# Affordable Thermal Night Vision Camera



## TallDude (Apr 27, 2016)

I saw this 'FLIR' waterproof thermal camera on an ad. I imagine there are a number of ways to utilize this form of imagery, aside from the obvious....

FLIR Ocean Scout TK Marine Thermal Handheld Camera | West Marine


----------



## Watchful (Apr 27, 2016)

I have had one of these for a few months, its pretty cool tech, pun intended.
Caterpillar flir phone


----------



## TallDude (Apr 27, 2016)

That is a serious phone.


----------



## table1349 (Apr 27, 2016)

FLIR and night vision are two different things.  
FLIR registers heat and can be used day or night to produce an image.  It works best at night due or on cloudy days when there is a greater heat signature range. 

Night Vision amplifies existing light to give the opportunity to see in the dark.  The newest generation (Gen  V)  is startlingly clear but only available to the military and other government entities.  

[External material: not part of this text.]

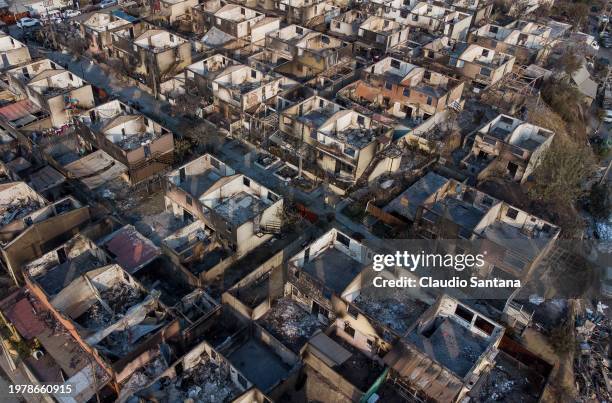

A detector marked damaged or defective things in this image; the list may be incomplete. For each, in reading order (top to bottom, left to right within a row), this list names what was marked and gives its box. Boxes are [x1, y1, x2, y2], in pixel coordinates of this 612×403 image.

fire-damaged home [5, 59, 95, 129]
fire-damaged home [77, 100, 175, 185]
fire-damaged home [462, 113, 556, 183]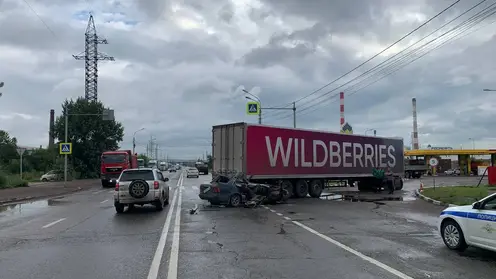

At work we had both at work.  FLIR and Gen 4 Night Vision.  The FLIR was nice as it was unit mounted and you just looked at the screen to view your subject.  The Night Vision was best for direct subject viewing.  You can track a subject hidden by trees, bushes etc with FLIR.  

It is an interesting looking FLIR device.  I just wish they had included a few pictures showing the quality of the  images it produces.


----------